Iraq?  As we focus on the assault on Gaza, we mention Iraq, we do not focus on it.  Cilia e-mailed asking if there was anything I felt we missed re: Iraq?

Yeah, Speaker of the House Mohammed al-Halbousi was removed from his post.  By the country's Supreme Court.  He was removed from office over an accusation that he forged the signature of MP Laith al-Dulaimi.  The court removed al-Dulaimi from office as well.

The story we didn't have time for.  I read over the Iraqi Constitution and there's nothing in there that gives the Federal Court the power to remove any MP from office.  The Council of Representatives has the power to remove one of its members.  But the Court has no say in that at all.  They can't even arrest for a felony (in Iraq, forgery is a felony) without the permission of the Council of Representatives.

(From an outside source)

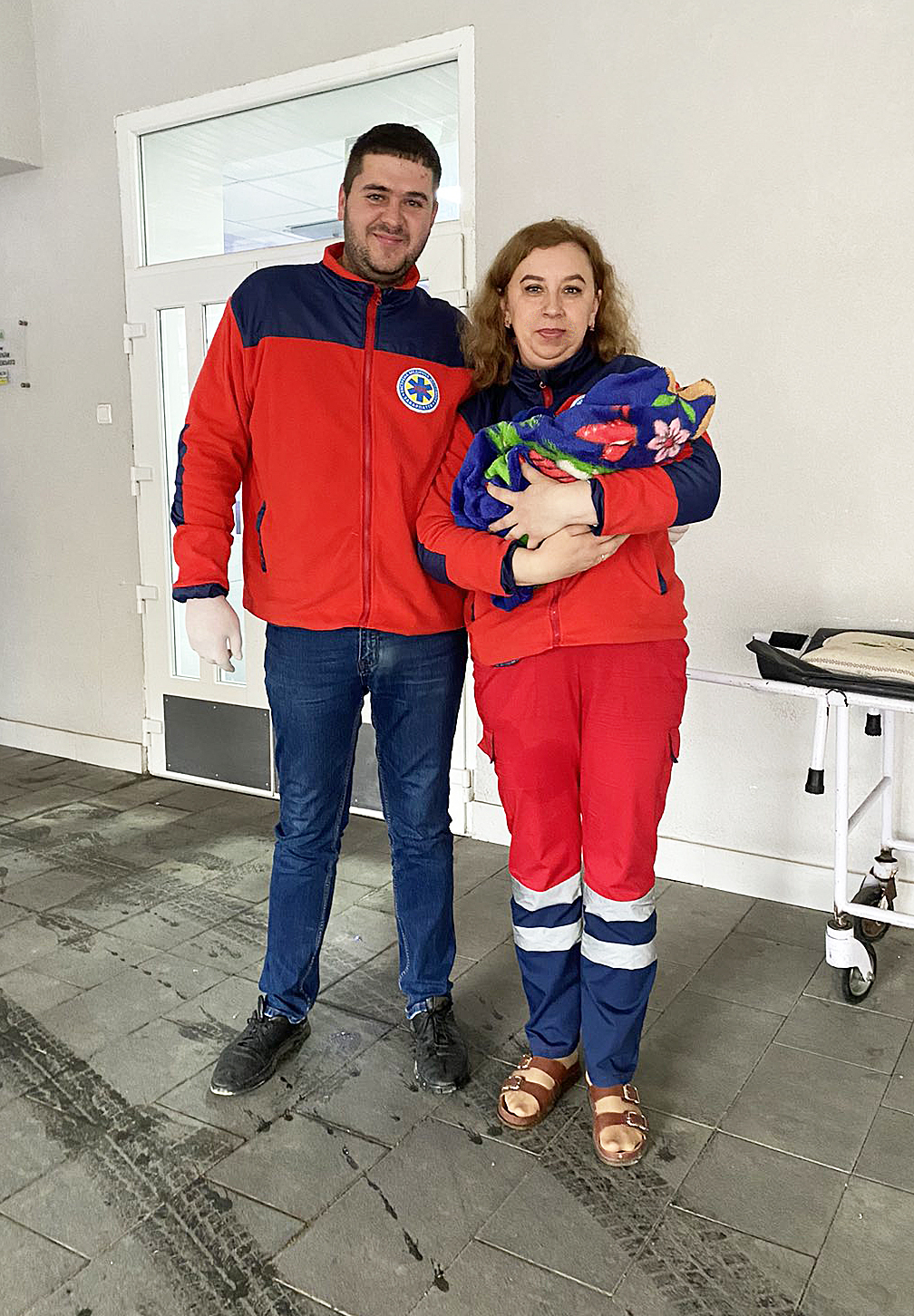 Екстремальні пологи в машині швидкої: на Закарпатті жінка народила п'яту дитину просто в дорозі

They've created a power for themselves that does not exist.

By removing both the accuser and the accused (al-Dulaimi and al-Halbousi), they've also made clear that they didn't determine guilt in the matter.  Now they would have had to have had permission to do that from the Council.  That's in the Constitution.  So removing both the accuser and the accused?  That makes no sense.  One was telling the truth, one wasn't.  I have no idea which.

But the Supreme Court has no power to remove a member from the Council -- Speaker or otherwise.  This should could cause an outcry in Iraq for that reason.  It should also alarm legal observers around the world. 

The Supreme Court in Iraq now believes it can remove any member of Parliament.  And no one got convicted, by the way.  Grasp that as well.  So anytime the Court doesn't like a member of Parliament or that members politics, it's now claiming it can remove the member.  That is not how the government and its checks and balances are structured in the country's Constitution.